PROBLEM: Every entry below should be returned exactly as it appears, with pictures left out.

>>>

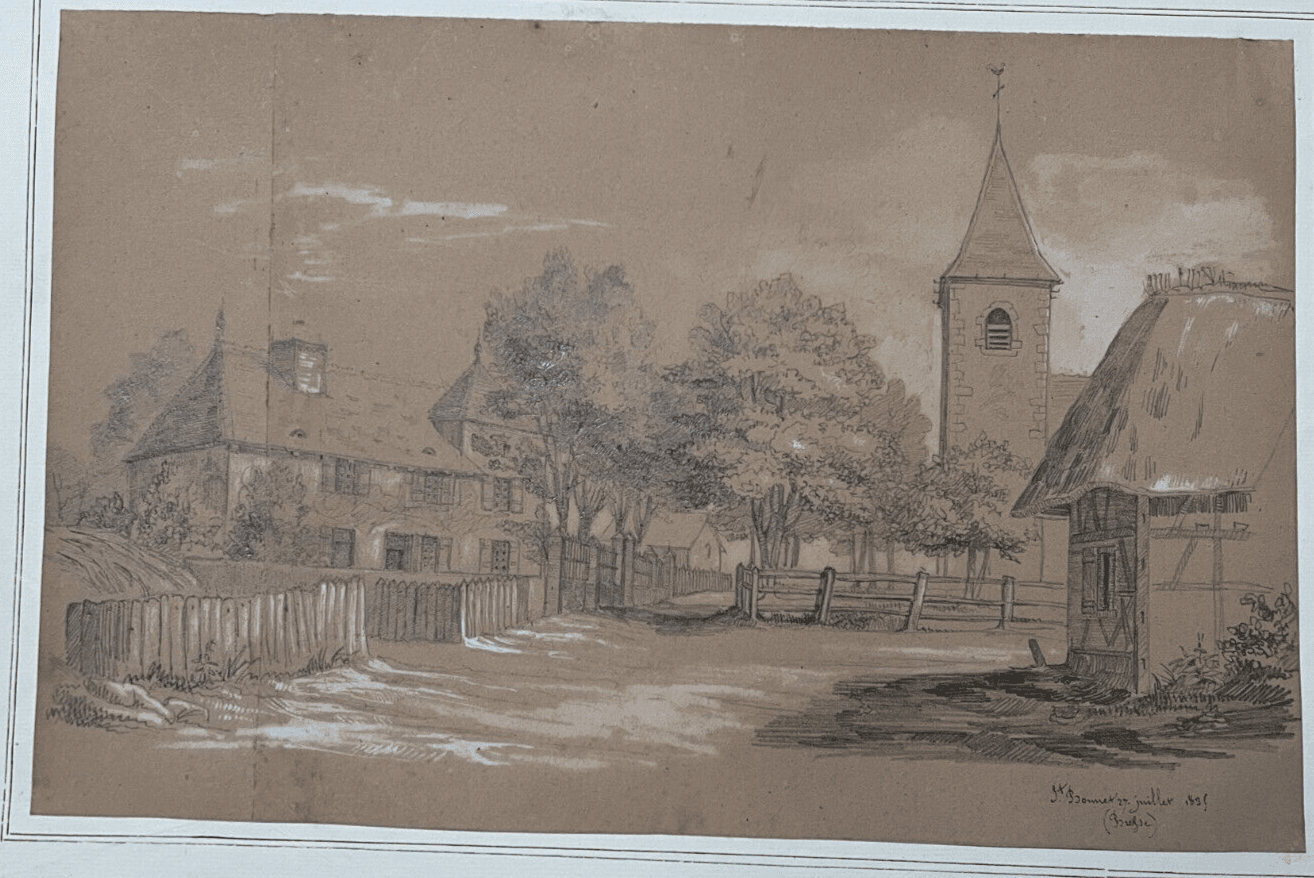 Antique Ink Drawing Original 19th century St Bonet Landscape 1835 image 5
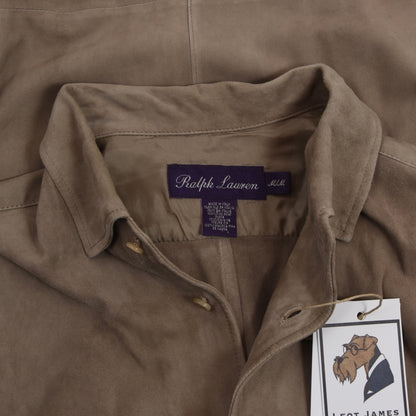 Ralph Lauren Purple Label Ziegenwildlederhemd Größe M - Taupe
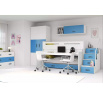 Detská poschodová posteľ s písacím stolom MAX 1 Modrá, bez matraca 80 X 200, pre 3 osoby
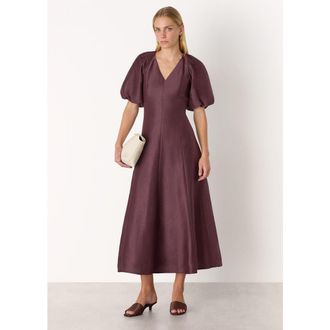 Whistles Silk Blend Taffeta Maxi Dress in Burgundy at Nordstrom, Size 6
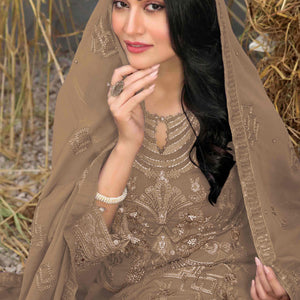 Brown Floral Embroidered Heavy Georgette Dress Material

<<<

SOLVED PROBLEM:
 Antique Ink Drawing Original 19th century St Bonet Landscape 1835 image 5
 Ralph Lauren Purple Label Ziegenwildlederhemd Größe M - Taupe
 Detská poschodová posteľ s písacím stolom MAX 1 Modrá, bez matraca 80 X 200, pre 3 osoby
 Whistles Silk Blend Taffeta Maxi Dress in Burgundy at Nordstrom, Size 6
 Brown Floral Embroidered Heavy Georgette Dress Material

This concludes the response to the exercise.